They pointed to American-built projects that Iraqis cannot run themselves as an example of an issue that could be even more problematic in Afghanistan, where three-quarters of the population is illiterate, the average annual income is $800, and the country has few paved roads, no railway and only a handful of airports with paved runways. By contrast in Iraq, 74 percent of the population is literate, the average annual income is $4,000, and the nation has a network of roads, railways and airports.
"Afghanistan has a much lower absorptive capacity for investment," Stuart W. Bowen Jr., the special inspector general for Iraq reconstruction, said in testimony before the House Armed Services Committee. "Any investment has to be aimed at [their] capacity. You build above that, you lose it."
Similarly, Pentagon officials have expressed a key concern that the Afghan national security forces they are training lack the capacity to perform the intelligence and data gathering necessary for national security, said Jacquelyn Williams-Bridgers, managing director for international affairs and trade at the Government Accountability Office.
At the same time, said Arnold Fields, the special inspector general for Afghanistan reconstruction, Afghan leaders are pressing to be more involved in the redevelopment of their country. "More specifically, the government and ministries of Afghanistan would like to partake more in the contracting effort," he said.
That raises concerns of corruption, abuse and inadequate oversight of the tens of billions of U.S. dollars appropriated for Afghan reconstruction.
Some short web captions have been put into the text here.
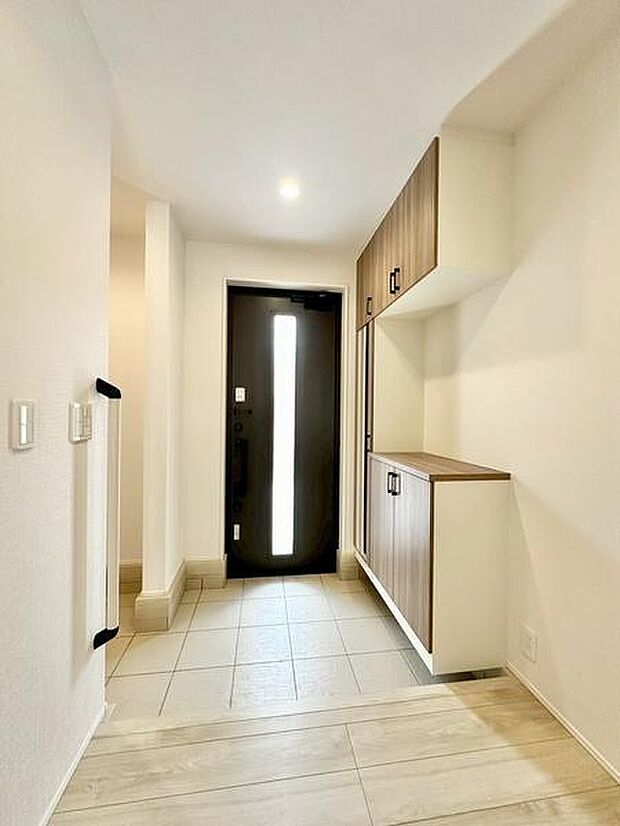 明るく清潔感のある玄関空間に、便利なシューズクロークをプラス。靴はもちろん、かさばる荷物もまとめて収納でき、いつでも整った印象を保てます。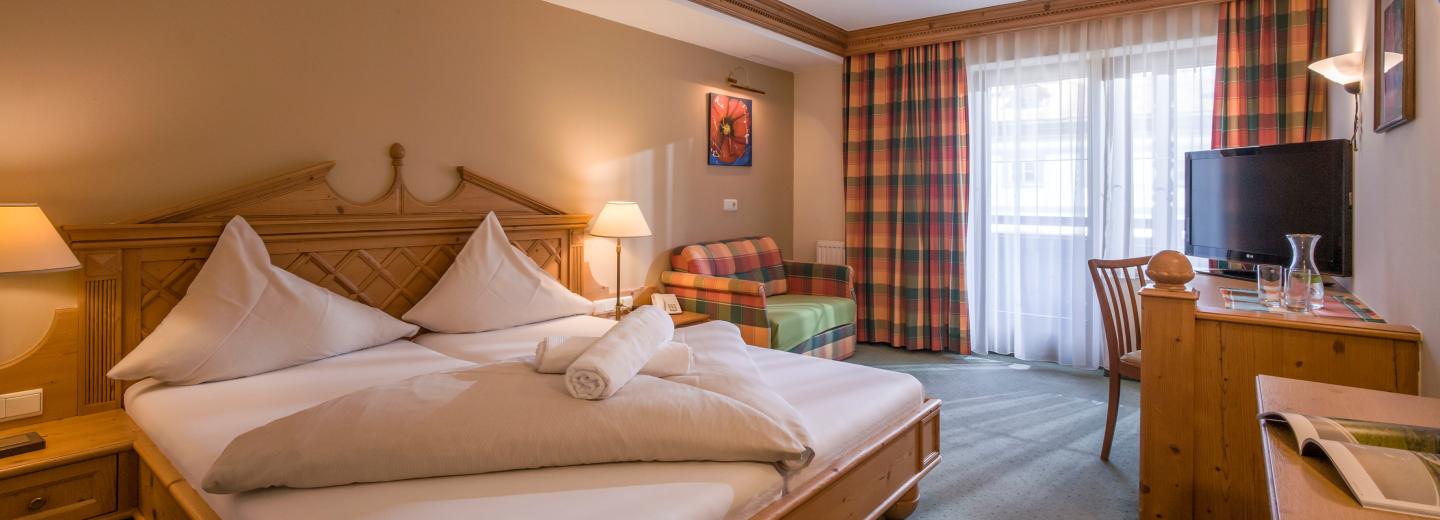 © Eurotours Zimmerbeispiel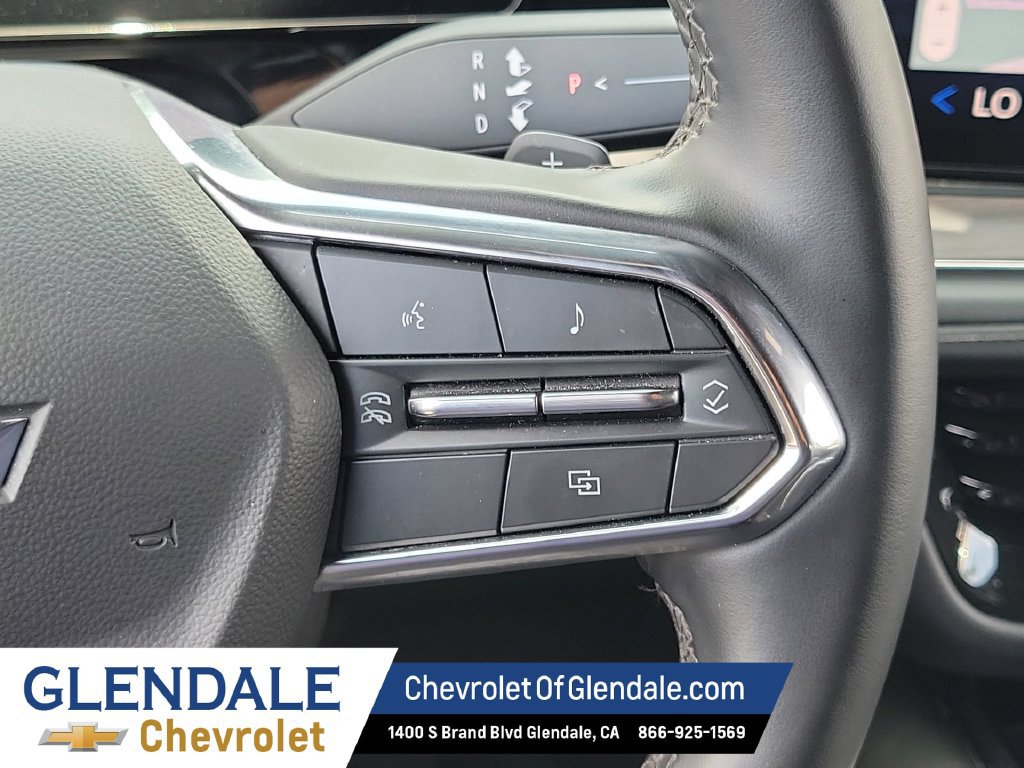 Certified 2025 Chevrolet Suburban Z71 AWD/4WD image 33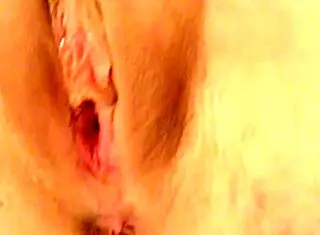 业余粉嫩小屄自制近拍自然秀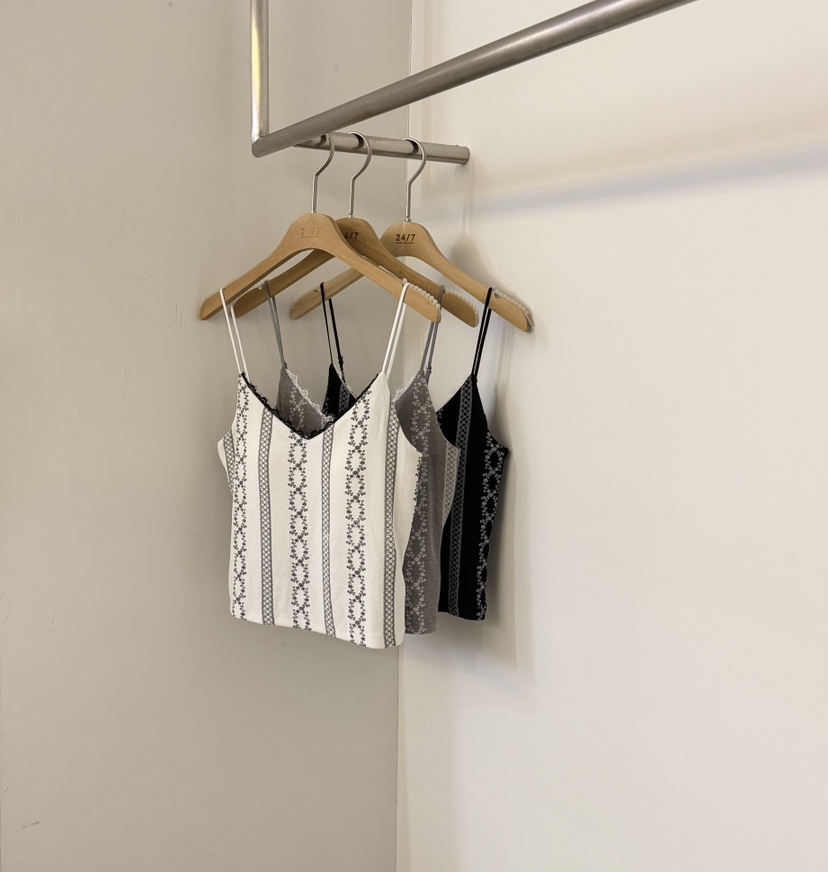 TWENTY FOUR SEVEN24-7韓國東大門直郵女士新品推薦吊帶背心蕾絲TEWNTY FOUR SEVEN24-7吊帶/背心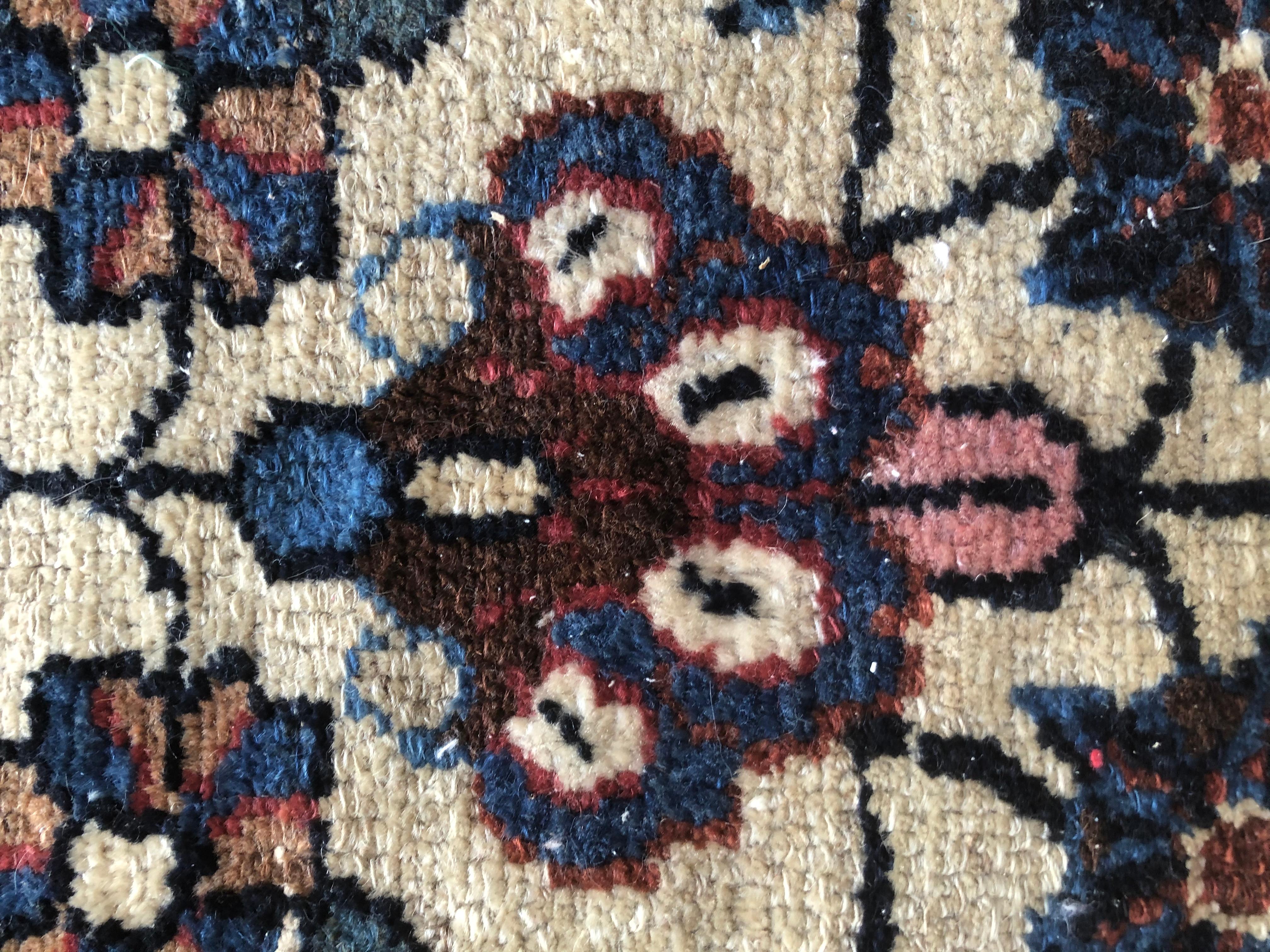 Small Floral Persian Rug Fine Wool For Sale 2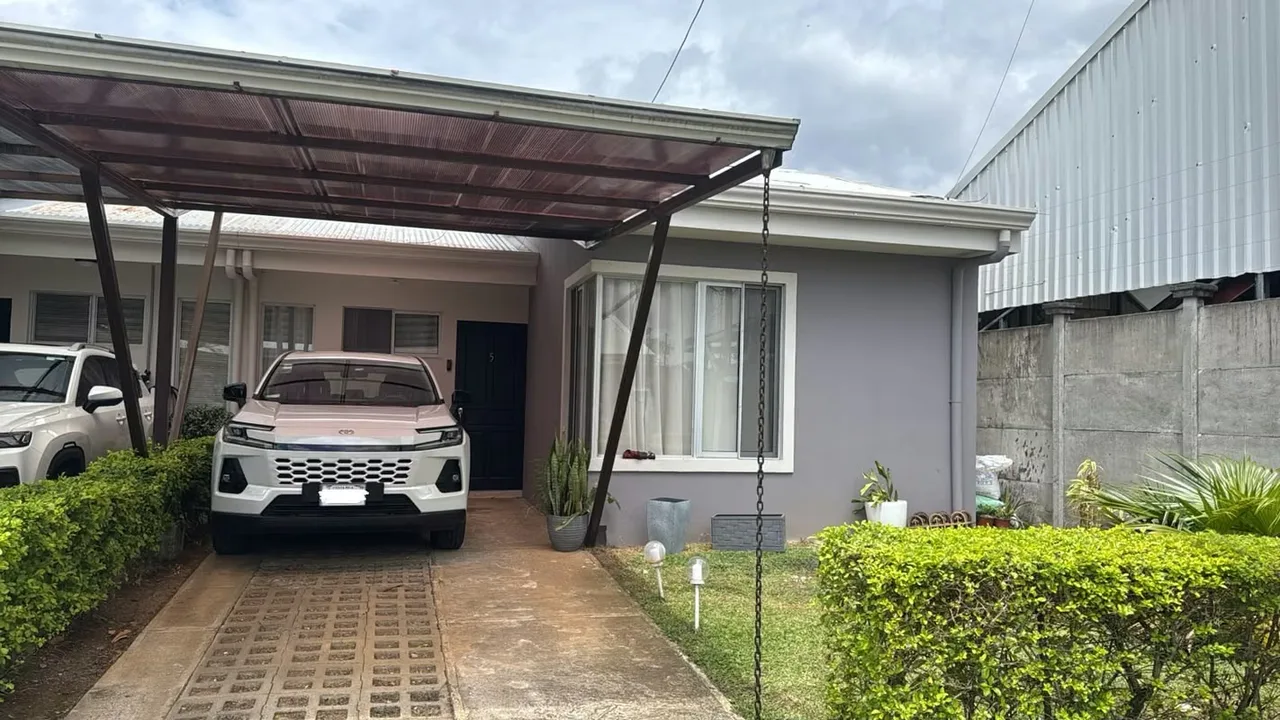 Ubicación privilegiada en Condominio en San Pablo de Heredia. Est 21826 Rau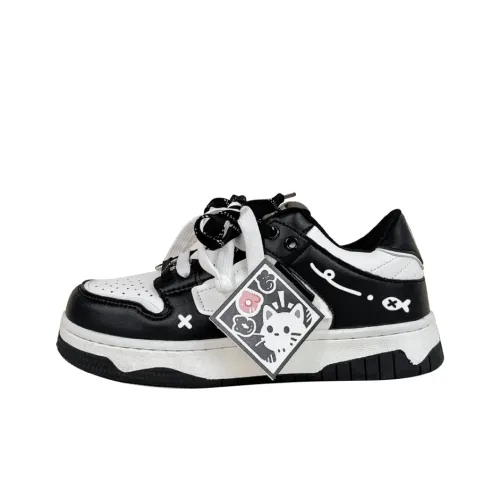 A&M Anti-Slip Wear-Resistant Low-Top Skateboard Shoes Women's White Black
The reconstruction effort in Iraq is winding down as the effort in Afghanistan is ramping up, with $32 billion appropriated since 2001 and more coming.
Iraq reconstruction has been hindered by a dearth of trained Iraqi contracting officers, officials said. That is a prime reason why Iraq has a $47 billion budget surplus, largely from oil income, GAO officials said.
At least $3 billion to $5 billion in U.S. taxpayer money has been lost to contractor waste, Bowen said. That's 15 to 20 percent of the Iraq Relief and Reconstruction Fund.
He pointed to a $40 million prison in Diyala province north of Baghdad sitting unfinished in the desert. The Iraqis, who he said did not want it and cannot maintain it, call it The Whale.